Coca-Cola Co has temporarily halted operations at a bottling plant in northern India over alleged environmental violations, an ongoing controversy which has dogged its factories in the country.
The beverages giant told reporters it had voluntarily suspended manufacturing at its Dasna plant near New Delhi while the local environmental authority investigates.
Activists said the factory in Uttar Pradesh contaminates groundwater meant for farmers and pollutes the soil, and that sewage is not properly treated.
“We received a communication from Uttar Pradesh State Pollution Control Board [UPPCB] and submitted a detailed response,” Hindustan Coca-Cola Beverages — which bottles drinks in India for the US giant — said in a statement on Thursday. “To show our commitment to compliance with regulatory norms, we decided to temporarily suspend manufacturing at Dasna plant.”
There are 54 plants producing fizzy drinks in India for Coca-Cola, which has eyed expansion in the world’s second-most populous country where income levels are rising.
However, the company has met opposition from activists who have waged a more than decade-long battle against it in India over alleged environmental offenses.

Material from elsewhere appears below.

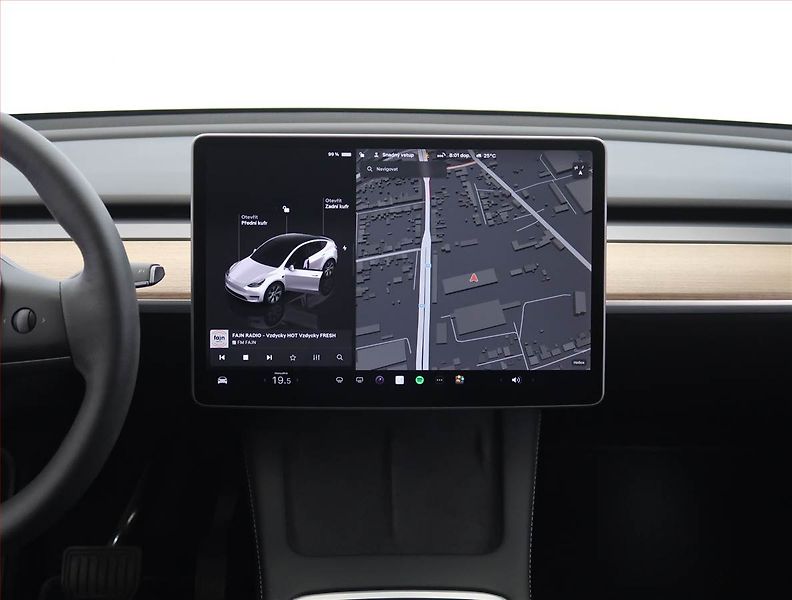 Tesla Model Y (2022) Long Range AWD 79kWh, SoH 93% - fotka 11 z 33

“We conducted an inspection and based on the findings, the UPPCB has withheld the consent to operate this Coca-Cola plant in Dasna for some valid reasons,” Uttar Pradesh environmental board chief environmental officer S.R. Sachan said, without giving further details.
Amit Srivastava, who leads the India Resource Center, an activist group that has targeted Coca-Cola for years, said the company’s action did not go far enough.
“This is not really a victory because of all the pending issues such as the polluted groundwater and soil, as well as the loss of livelihood for the contract workers and farmers in the area,” Srivastava told reporters. “There is a lot more that needs to be done to remediate the problems caused by Coca-Cola in Dasna.”
Coca-Cola, which has said it plans to invest US$5 billion in India by 2020, has faced a string of objections from local communities over water use.
In 2004, it shut one of its plants in southern Kerala over similar allegations.
The company denies any wrongdoing.
Last year it dropped plans to open a new bottling plant in southern Tamil Nadu over protests by locals who also claimed it would rob them of groundwater.